I stood up abruptly, suddenly feeling claustrophobic. What the hell was I doing? Losing my mind over some guy I had just met. I needed to get a grip. I stepped outside, trying to clear my head. I wandered through the market, picked up a few groceries, and made my way back to where I parked my bike.

It had been a nice detour. If I could convince Cecilia to help me again, I'd definitely come back here. Maybe I'd even swing by a bar afterwards—something to distract me from everything else.

I was lost in thought when someone tapped me on the shoulder. My heart skipped a beat, as I turned slowly. There, standing right in front of me, was Ginevra.

"Blake?" his eyes scanned me with concern.

"What are you doing here?" He gave me a look like I was out of place.

"H-hi," I stuttered.

"You should go back home.
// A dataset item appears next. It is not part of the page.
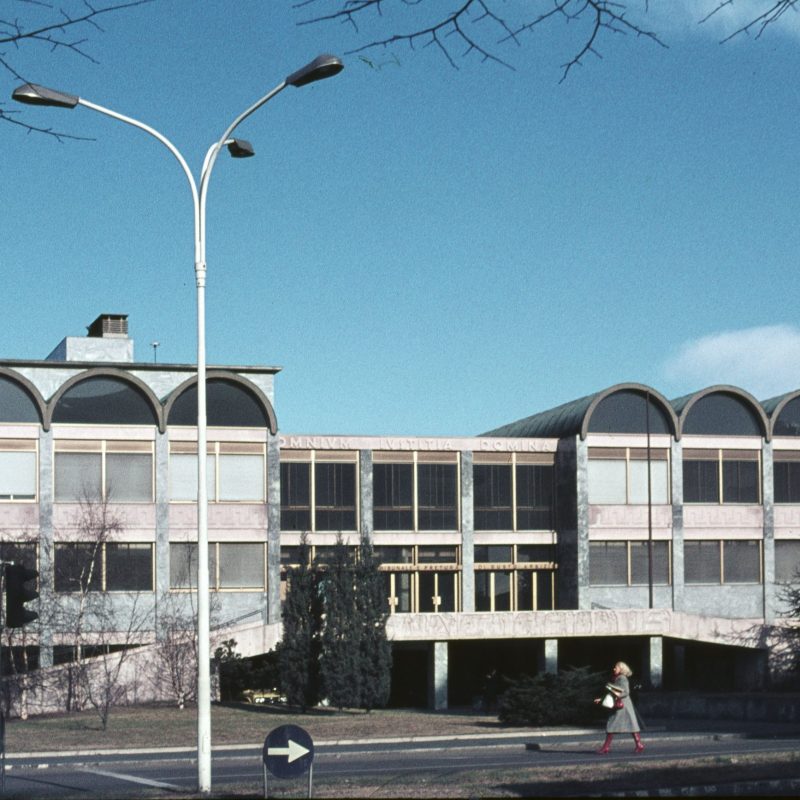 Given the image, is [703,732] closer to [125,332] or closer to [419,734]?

It's not safe for you here." His eyes darted around, like he was looking for something—or someone.

"I-I was on my way," I mumbled.

He wrapped a hand around my arm and pulled me away from the bustling market crowd, guiding me to a quieter corner, away from prying eyes. My heart pounded as he lowered his voice.

"Are you stupid?" he hissed. "It's not enough that you were attacked last night, you—"

"What? How did you know about that?" I asked. It had only happened hours ago, and I hadn't exactly made a scene. Or at least, I didn't think I had. A cold pit formed in my stomach. If I was being noticed, that meant the Hunters could be on my tail soon.

He stared at me sharply. "You're a Hunter. Word spreads quickly about your kind."

Shit.

"Are you even listening?" His voice had a harder edge now.

"Why are you angry with me?" I finally asked, genuinely confused.

"Because I…" He stopped himself, inhaling deeply like he was trying to steady his nerves. He looked at me. "I don't know what to do with you, Blake."

He shook his head and turned, making to leave. But before he could get more than a few steps away, I grabbed his arm, stopping him in his tracks.

"Can I talk to you?" I gave him a sheepish smile. It was stupid, but it was all I could manage right now.

"I have a meeting to get to. What is this about?" His voice was cold, guarded.

"I can't talk here," Though I could've. I just didn't have the guts to do it.

"Is it really that important?" his tone turned sharp. "I don't have time for this."

"I want to apologize," I blurted out. It was the only thing that made sense at the moment.

"Whatever it is, it can wait, Blake." Ginevra pulled away from me and started walking, clearly done with the conversation. I could feel my chest tightening, the urge to say something—anything—gnawing at me.

Without thinking, my legs moved of their own accord jogging after him.

"Ginevra, wait, it's important!" I called out. He stopped, and I was suddenly standing right in front of him, blocking his path.

"I'm listening, Blake," he said flatly.

"Please, come to my house tonight." The words felt heavy in my mouth. Why was it so hard to just apologize?

He raised an eyebrow, a sceptical look crossing his face. "Why? So you can see me out again?"

I could feel the heat of embarrassment creeping up my neck. Okay, I deserved that.

But before I could say anything else, he took a step to walk past me, and in a panic, I stepped right in front of him again.

"Blake!" he growled, his fangs slipping out from behind his lips in a flash of white. My stomach dropped, but I didn't back down.

"I swear, I will shred you to pieces if you do that again," he hissed a warning.

A part of me felt like I should be afraid, but somehow, I knew he wouldn't hurt me—not truly. Still, his words made my heart race as I grabbed his arm and yanked him around to face me.

My pulse was pounding in my ears. His dark eyes locked onto mine.

"You..." His words trailed off as I did the one thing I wasn't sure I could—didn't know if I should—do. Without thinking, I pulled him into a kiss. It was quick, almost too quick to register, but it still left my heart thumping wildly in my chest.

For a long, breathless minute, he didn't move, his mouth hanging open in shock. He slowly raised a hand, his finger gently touching his bottom lip, as if trying to make sense of what had just happened.

"What was that?" His voice was barely a whisper.

I could feel the heat crawling up my neck, my face burning with embarrassment. I had to force myself to stay there, not run away from the wave of humiliation threatening to drown me.

That stupid kiss will haunt me forever.